Task goal: Please repeat, exactly as written, the line containing "2025 Jeep Grand Cherokee Laredo" and every line after it through the end of the records below, leaving out any pictures.

Stored data entries
^^^^^^^^
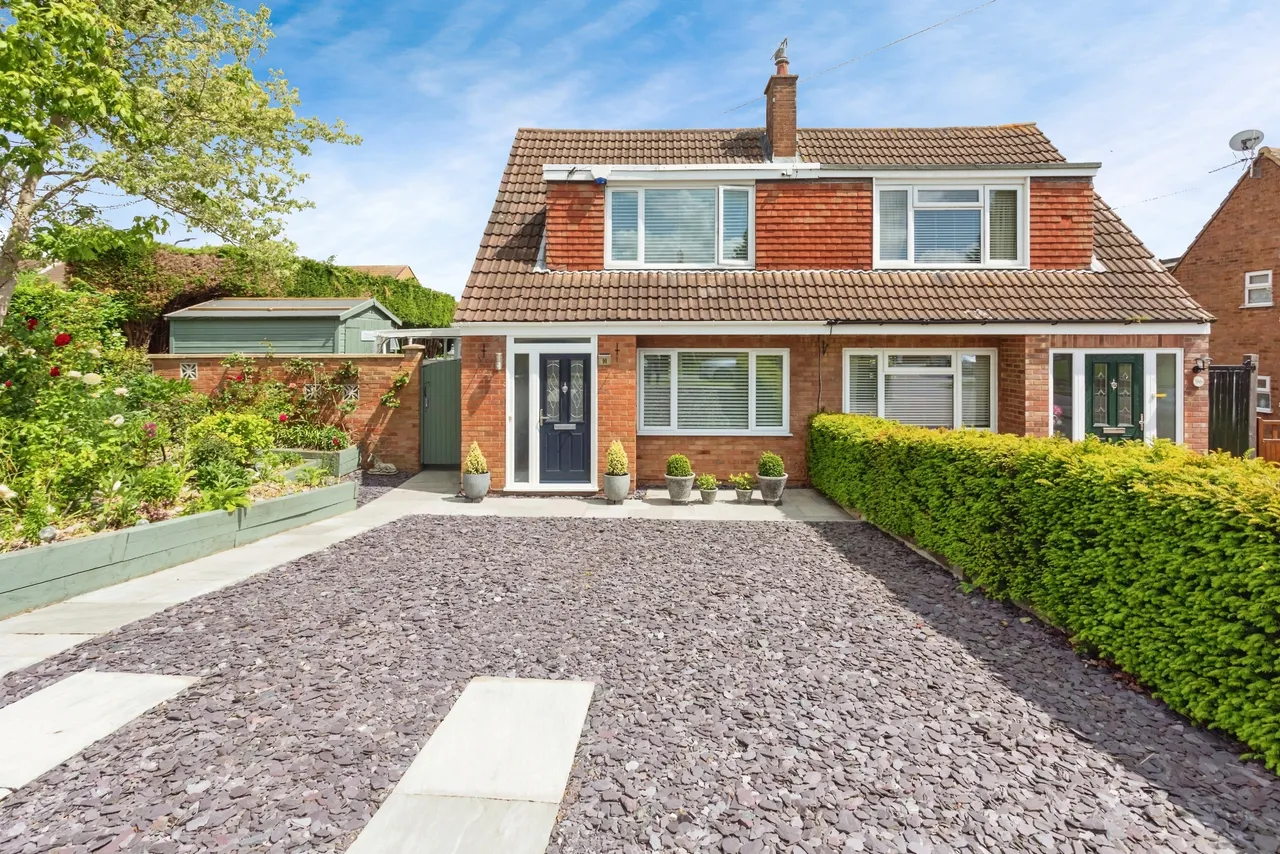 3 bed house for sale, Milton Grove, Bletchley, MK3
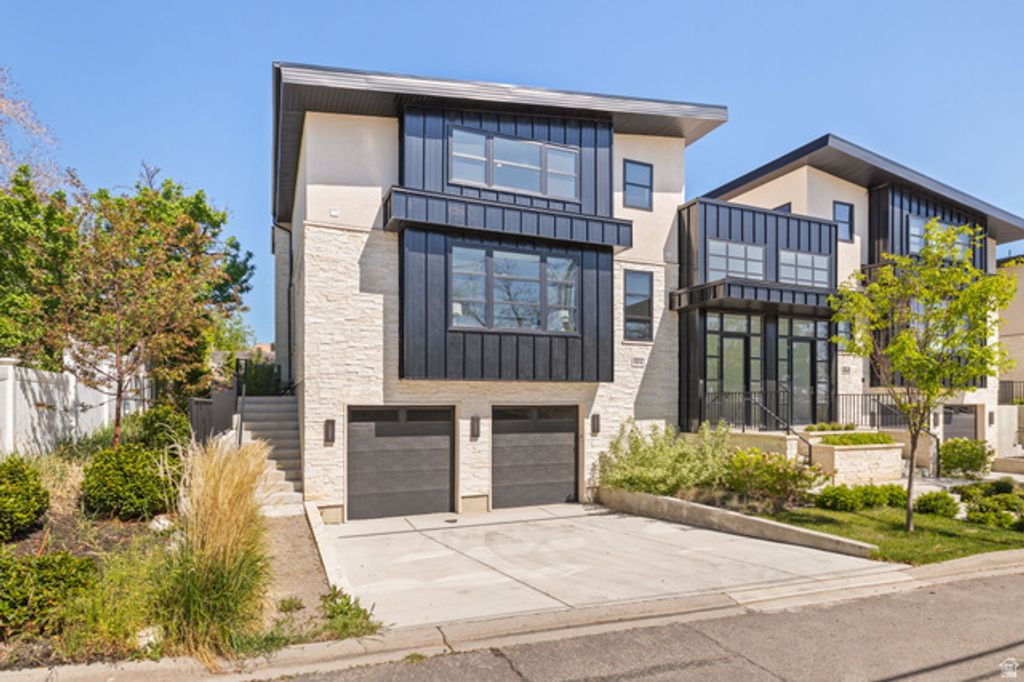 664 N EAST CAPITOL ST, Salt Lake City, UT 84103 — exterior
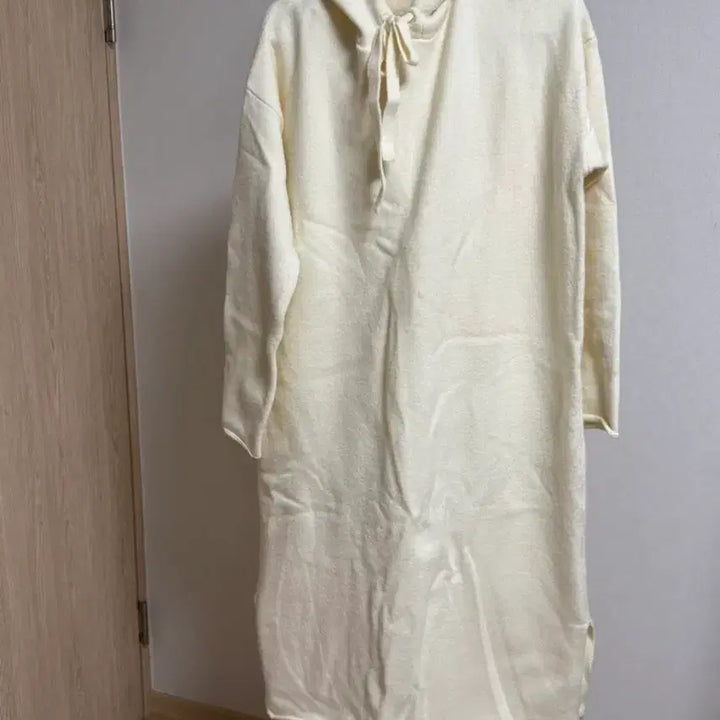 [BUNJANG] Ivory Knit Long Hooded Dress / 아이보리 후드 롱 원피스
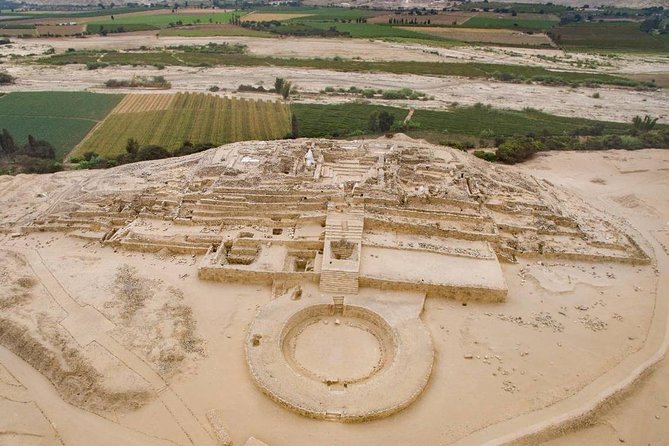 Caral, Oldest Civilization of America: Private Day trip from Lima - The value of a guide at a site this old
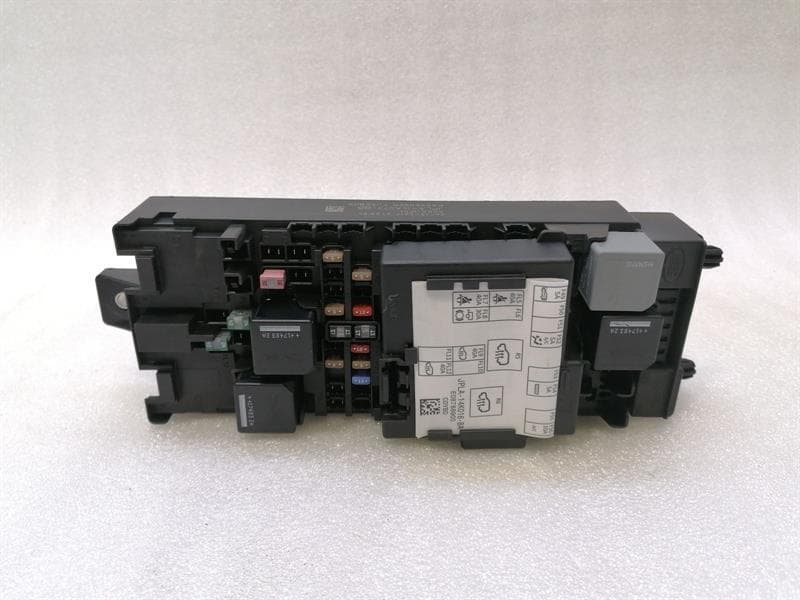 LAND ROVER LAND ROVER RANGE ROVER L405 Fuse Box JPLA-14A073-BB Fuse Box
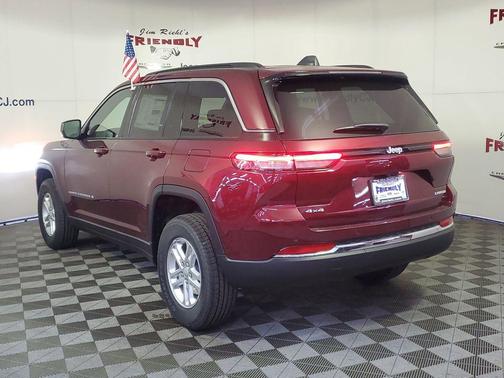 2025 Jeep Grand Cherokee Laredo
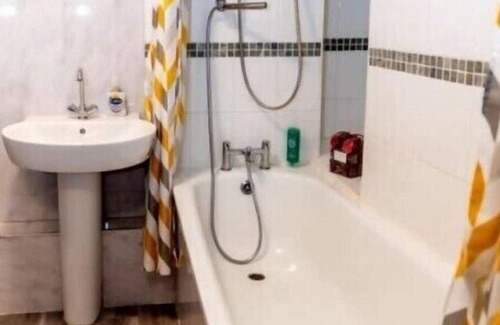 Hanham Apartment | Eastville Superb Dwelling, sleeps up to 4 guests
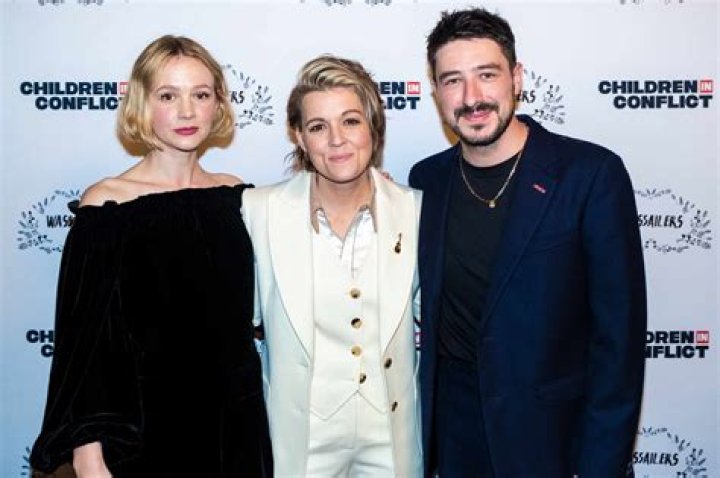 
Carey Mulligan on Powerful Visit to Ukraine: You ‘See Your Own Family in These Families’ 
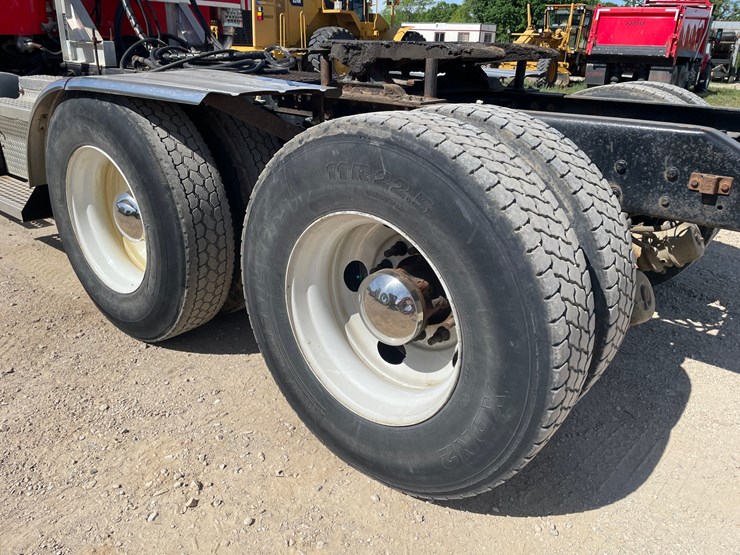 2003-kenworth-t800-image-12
^^^^^^^^
Response to this exercise:
 2025 Jeep Grand Cherokee Laredo
 Hanham Apartment | Eastville Superb Dwelling, sleeps up to 4 guests
Carey Mulligan on Powerful Visit to Ukraine: You ‘See Your Own Family in These Families’ 
 2003-kenworth-t800-image-12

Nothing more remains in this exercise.